(Stored dataset items)
☆ ☆ ☆ ☆ ☆ ☆ ☆

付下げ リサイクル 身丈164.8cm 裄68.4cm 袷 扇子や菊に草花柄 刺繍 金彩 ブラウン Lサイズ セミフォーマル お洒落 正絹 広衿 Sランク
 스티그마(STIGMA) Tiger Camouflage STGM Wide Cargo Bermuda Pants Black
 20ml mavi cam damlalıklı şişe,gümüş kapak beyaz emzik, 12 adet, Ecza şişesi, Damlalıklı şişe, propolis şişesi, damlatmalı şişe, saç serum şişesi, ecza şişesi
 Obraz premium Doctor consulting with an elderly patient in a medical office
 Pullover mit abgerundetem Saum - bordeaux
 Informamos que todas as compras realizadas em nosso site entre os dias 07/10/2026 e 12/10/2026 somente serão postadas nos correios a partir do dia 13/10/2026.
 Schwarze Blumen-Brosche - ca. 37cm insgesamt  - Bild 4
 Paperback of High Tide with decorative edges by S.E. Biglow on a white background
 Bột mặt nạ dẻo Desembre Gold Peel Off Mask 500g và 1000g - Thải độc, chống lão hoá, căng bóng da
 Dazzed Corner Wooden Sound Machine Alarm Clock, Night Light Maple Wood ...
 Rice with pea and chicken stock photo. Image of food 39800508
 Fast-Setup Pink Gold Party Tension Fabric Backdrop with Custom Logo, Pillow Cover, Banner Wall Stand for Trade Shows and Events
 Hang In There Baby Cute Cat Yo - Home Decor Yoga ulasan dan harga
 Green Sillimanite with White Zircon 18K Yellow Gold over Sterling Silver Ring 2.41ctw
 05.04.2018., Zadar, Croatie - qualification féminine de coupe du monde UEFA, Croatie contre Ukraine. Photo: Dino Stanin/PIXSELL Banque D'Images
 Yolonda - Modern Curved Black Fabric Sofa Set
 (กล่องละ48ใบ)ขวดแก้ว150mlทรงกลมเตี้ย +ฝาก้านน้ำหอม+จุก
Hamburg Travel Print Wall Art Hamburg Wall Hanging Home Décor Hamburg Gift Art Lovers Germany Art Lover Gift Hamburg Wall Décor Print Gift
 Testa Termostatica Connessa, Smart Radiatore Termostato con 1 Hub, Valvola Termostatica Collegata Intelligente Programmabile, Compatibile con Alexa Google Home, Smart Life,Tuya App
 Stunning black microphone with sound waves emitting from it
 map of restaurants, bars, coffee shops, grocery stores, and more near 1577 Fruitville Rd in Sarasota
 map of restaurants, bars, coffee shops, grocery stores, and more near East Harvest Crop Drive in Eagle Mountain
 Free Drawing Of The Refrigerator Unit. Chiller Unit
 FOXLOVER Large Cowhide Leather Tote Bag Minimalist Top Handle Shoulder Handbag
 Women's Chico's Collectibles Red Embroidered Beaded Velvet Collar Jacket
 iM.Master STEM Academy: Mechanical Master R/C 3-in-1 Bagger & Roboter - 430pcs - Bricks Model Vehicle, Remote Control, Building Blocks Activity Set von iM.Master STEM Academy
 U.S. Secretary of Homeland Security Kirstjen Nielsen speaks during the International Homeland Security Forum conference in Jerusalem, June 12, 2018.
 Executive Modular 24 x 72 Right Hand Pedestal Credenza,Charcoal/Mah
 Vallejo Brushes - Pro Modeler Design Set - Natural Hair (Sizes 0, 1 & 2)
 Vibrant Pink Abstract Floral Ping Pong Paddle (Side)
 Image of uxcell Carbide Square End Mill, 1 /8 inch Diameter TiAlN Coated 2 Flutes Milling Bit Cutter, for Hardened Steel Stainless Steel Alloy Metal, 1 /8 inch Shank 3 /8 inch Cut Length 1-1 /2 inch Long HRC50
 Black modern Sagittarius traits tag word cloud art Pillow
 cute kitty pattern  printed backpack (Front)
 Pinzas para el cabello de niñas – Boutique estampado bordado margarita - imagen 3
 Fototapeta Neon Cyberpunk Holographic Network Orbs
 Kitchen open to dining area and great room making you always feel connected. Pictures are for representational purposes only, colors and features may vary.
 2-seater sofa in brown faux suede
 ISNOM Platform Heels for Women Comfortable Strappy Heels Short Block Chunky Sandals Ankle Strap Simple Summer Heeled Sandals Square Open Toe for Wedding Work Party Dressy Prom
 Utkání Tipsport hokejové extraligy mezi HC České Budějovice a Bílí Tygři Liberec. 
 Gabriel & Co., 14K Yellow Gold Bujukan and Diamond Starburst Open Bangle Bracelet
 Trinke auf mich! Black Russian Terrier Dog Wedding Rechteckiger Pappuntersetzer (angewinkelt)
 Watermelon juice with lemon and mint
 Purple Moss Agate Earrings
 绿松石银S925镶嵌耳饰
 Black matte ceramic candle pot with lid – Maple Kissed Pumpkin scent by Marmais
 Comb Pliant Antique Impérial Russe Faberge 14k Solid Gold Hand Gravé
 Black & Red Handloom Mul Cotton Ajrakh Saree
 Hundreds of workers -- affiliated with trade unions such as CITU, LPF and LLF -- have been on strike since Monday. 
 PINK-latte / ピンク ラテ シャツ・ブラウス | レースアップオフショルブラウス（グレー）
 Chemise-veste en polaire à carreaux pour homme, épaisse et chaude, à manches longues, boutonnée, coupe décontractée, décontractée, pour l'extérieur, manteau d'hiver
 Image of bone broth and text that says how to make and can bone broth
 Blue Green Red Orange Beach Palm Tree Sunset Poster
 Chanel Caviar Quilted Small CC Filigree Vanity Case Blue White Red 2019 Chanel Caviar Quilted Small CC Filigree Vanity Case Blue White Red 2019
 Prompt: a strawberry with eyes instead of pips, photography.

☆ ☆ ☆ ☆ ☆ ☆ ☆

ACTIVITY: Identify the lines of the data that contain the word "bars". Copy each of them.

RESPONSE FOR THIS EXERCISE:
 map of restaurants, bars, coffee shops, grocery stores, and more near 1577 Fruitville Rd in Sarasota
 map of restaurants, bars, coffee shops, grocery stores, and more near East Harvest Crop Drive in Eagle Mountain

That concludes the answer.